● **DATASET EXCERPT**
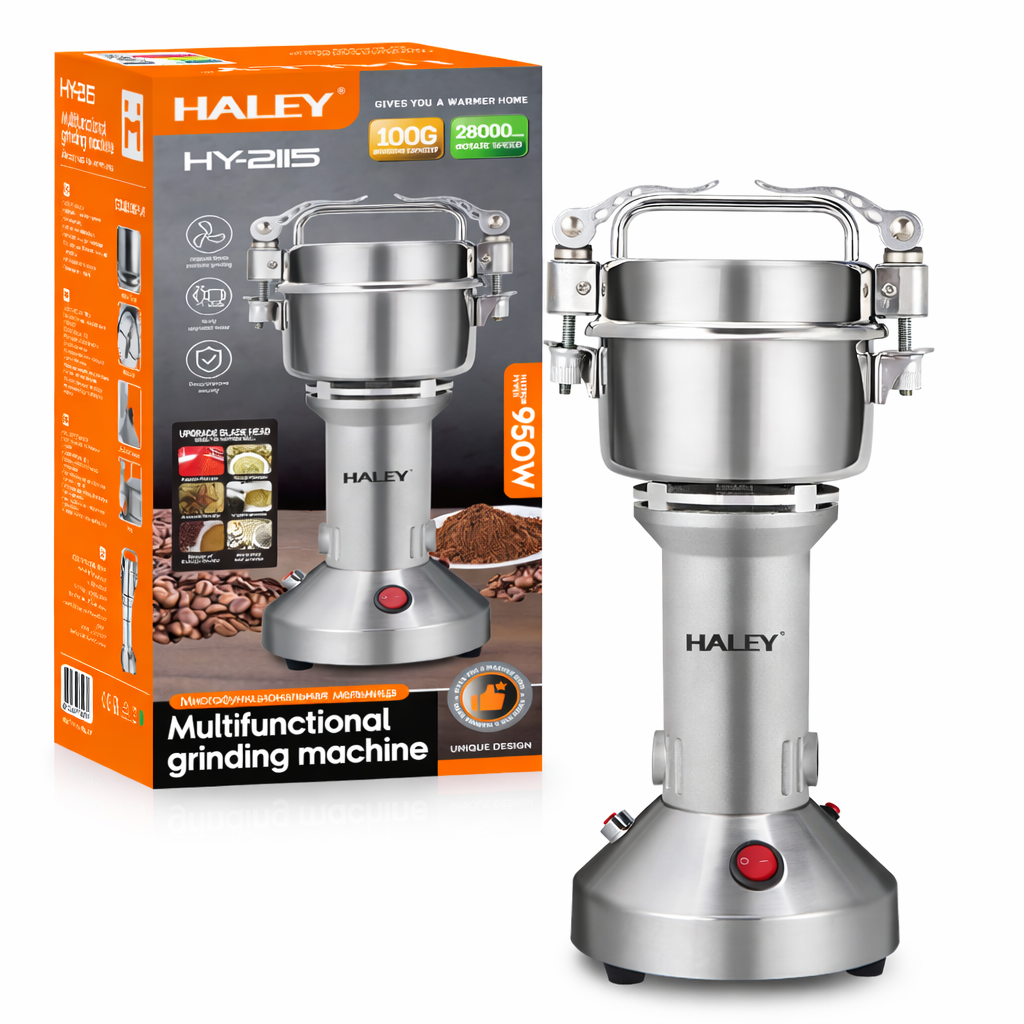 Râșniță electrică HALEY HY-2115, 950 W, 100 g, 28.000 RPM, oțel inoxidabil, argintiu
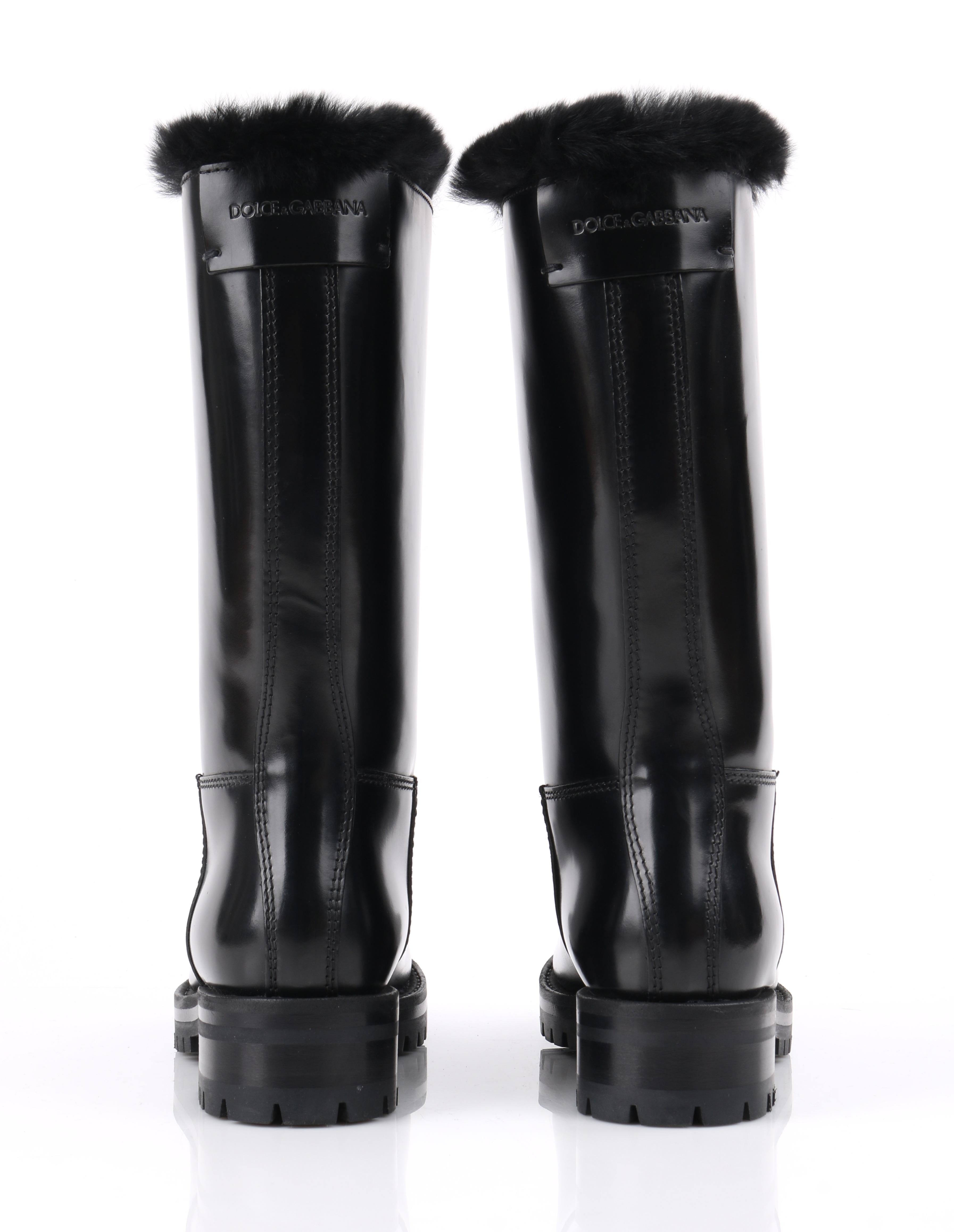 DOLCE & GABBANA Black Leather Lapin Fur Lined Calf High Moto Cold Weather Boots For Sale 1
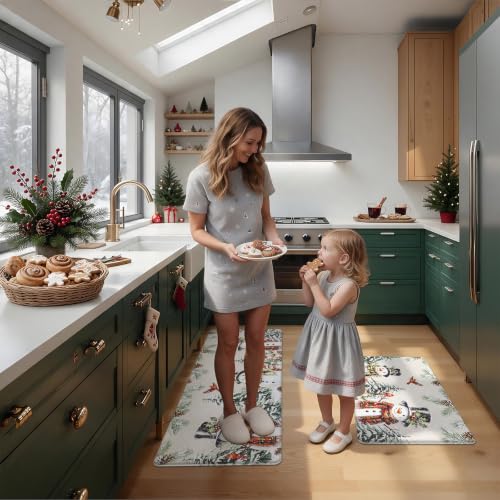 U'Artlines Christmas Snowman & Tree Anti-Fatigue Kitchen Rugs Set of 2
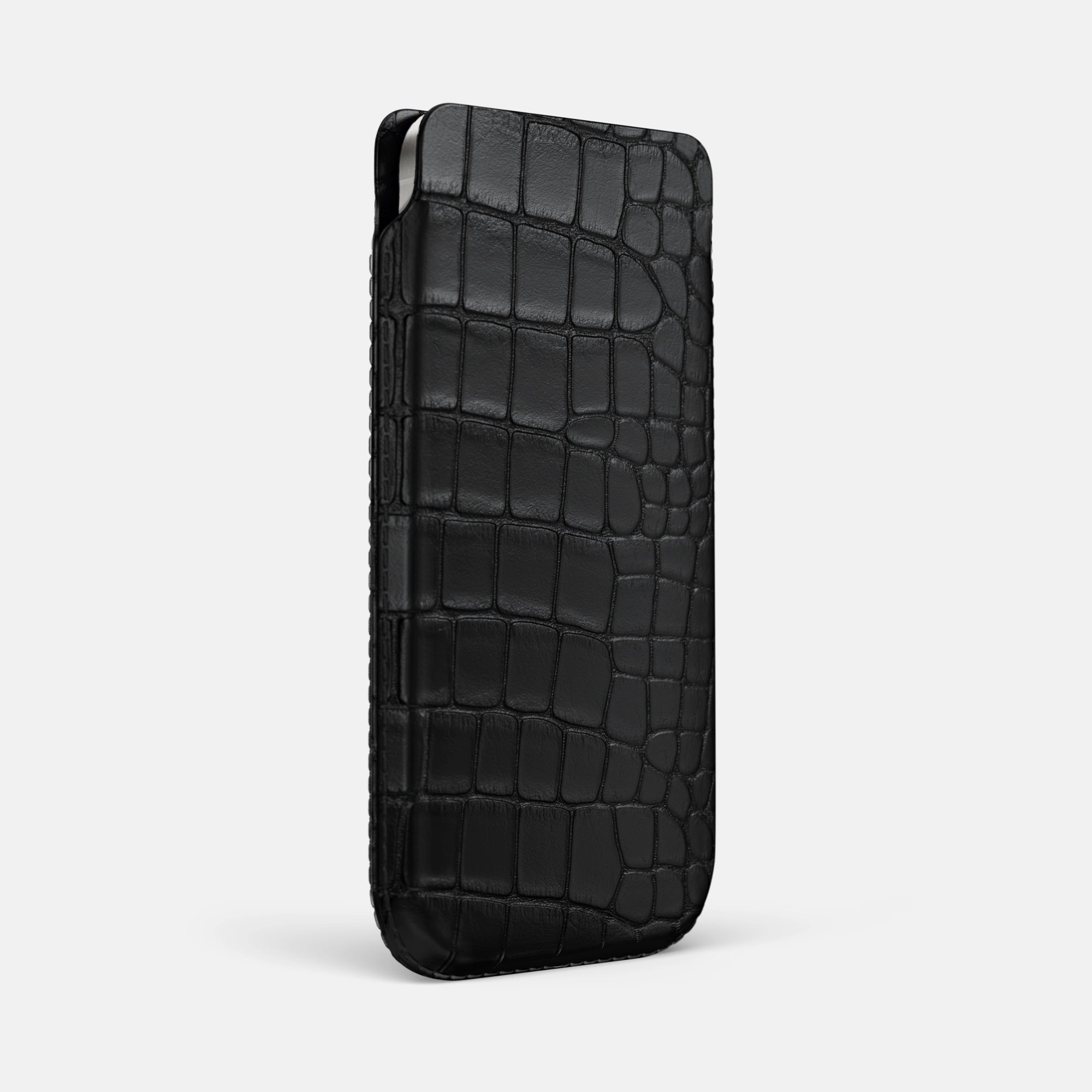 LABODÉT レザーケースブラッククロコダイルiPhone16 Pro Max Classic Case For iPhone 16 Pro Max In Alligator – Labodet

● **PROBLEM STATEMENT**
Print the listing exactly, minus any pictures.

● **EXERCISE RESPONSE**
 Râșniță electrică HALEY HY-2115, 950 W, 100 g, 28.000 RPM, oțel inoxidabil, argintiu
 DOLCE & GABBANA Black Leather Lapin Fur Lined Calf High Moto Cold Weather Boots For Sale 1
 U'Artlines Christmas Snowman & Tree Anti-Fatigue Kitchen Rugs Set of 2
 LABODÉT レザーケースブラッククロコダイルiPhone16 Pro Max Classic Case For iPhone 16 Pro Max In Alligator – Labodet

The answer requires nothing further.